> DIRECTIONS
Take the line containing "macaw parrot blue" and every line after it to the end of the records, and copy them exactly, leaving out pictures.

> DATA SECTION
┌──
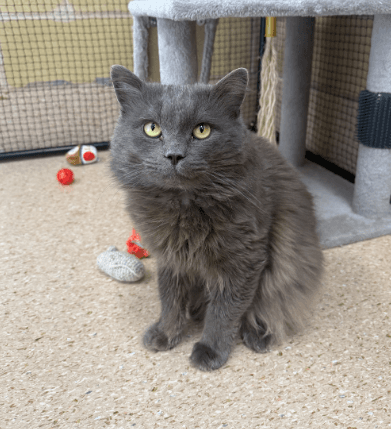 Dwight - Domestic Medium Hair cat available for adoption in Newcastle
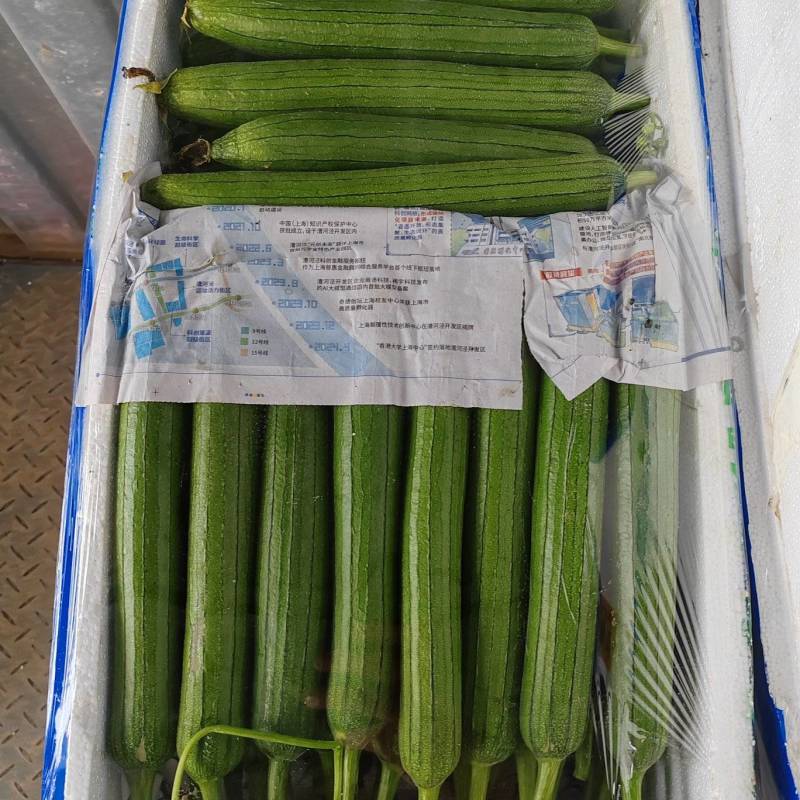 精品露天油皮丝瓜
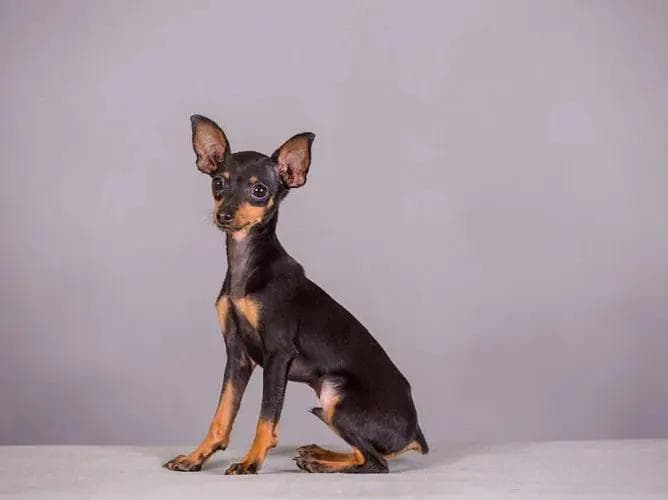 驯鹿秘籍：如何让你的小鹿犬成为“听话小天使”？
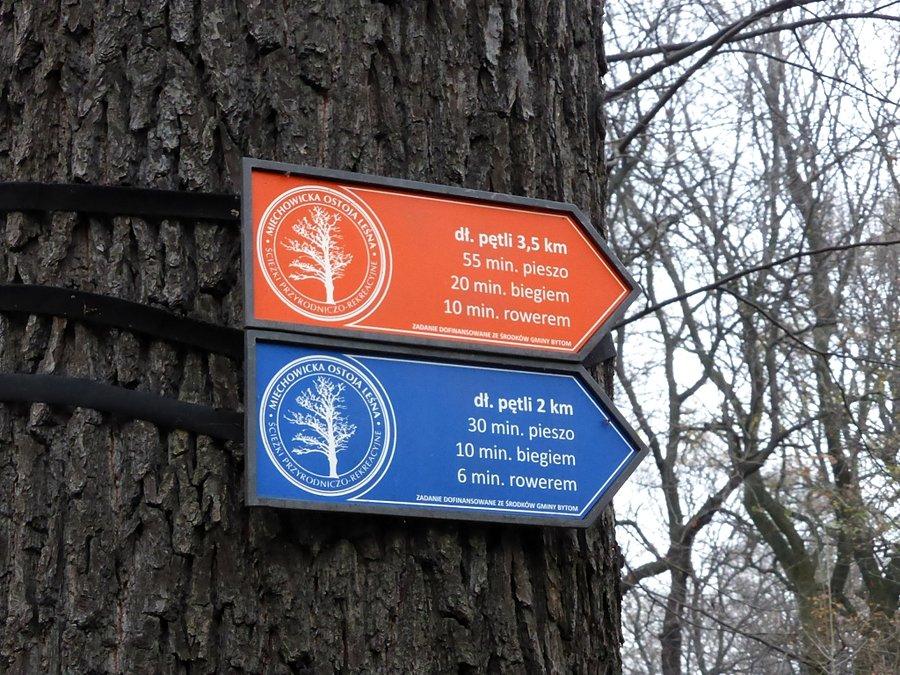 Pieszo, biegiem, rowerem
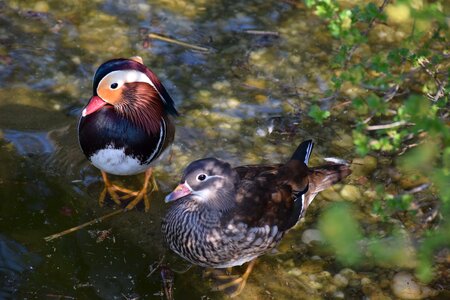 Plumage nature animal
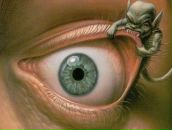 Фотография Северной Саши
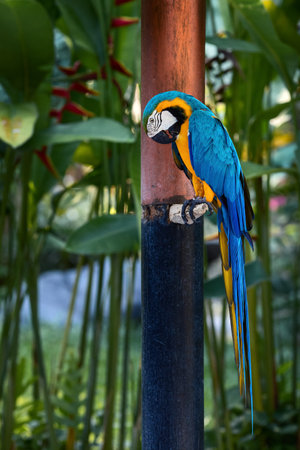 macaw parrot blue yellow color, sitting on a branch against a background of tropical greeneryの写真素材
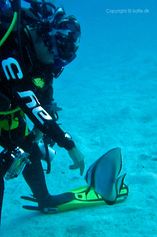 Lene and the Batfish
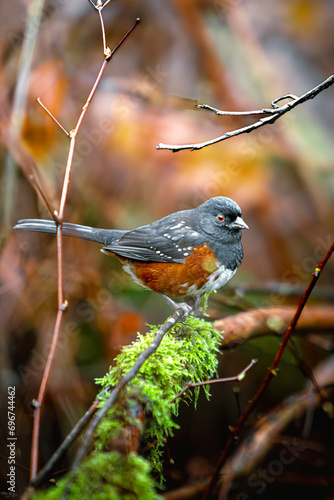 Spotted towhee standing on a branch
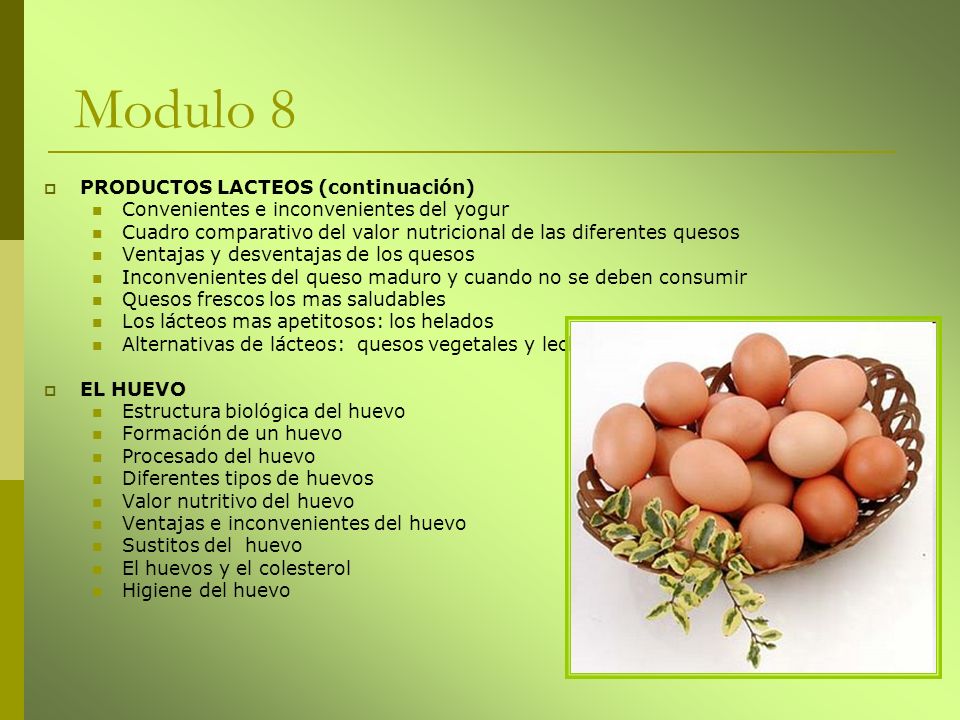 Modulo 8 PRODUCTOS LACTEOS (continuación)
└──
> PROBLEM SOLUTION
 macaw parrot blue yellow color, sitting on a branch against a background of tropical greeneryの写真素材
 Lene and the Batfish
 Spotted towhee standing on a branch
 Modulo 8 PRODUCTOS LACTEOS (continuación)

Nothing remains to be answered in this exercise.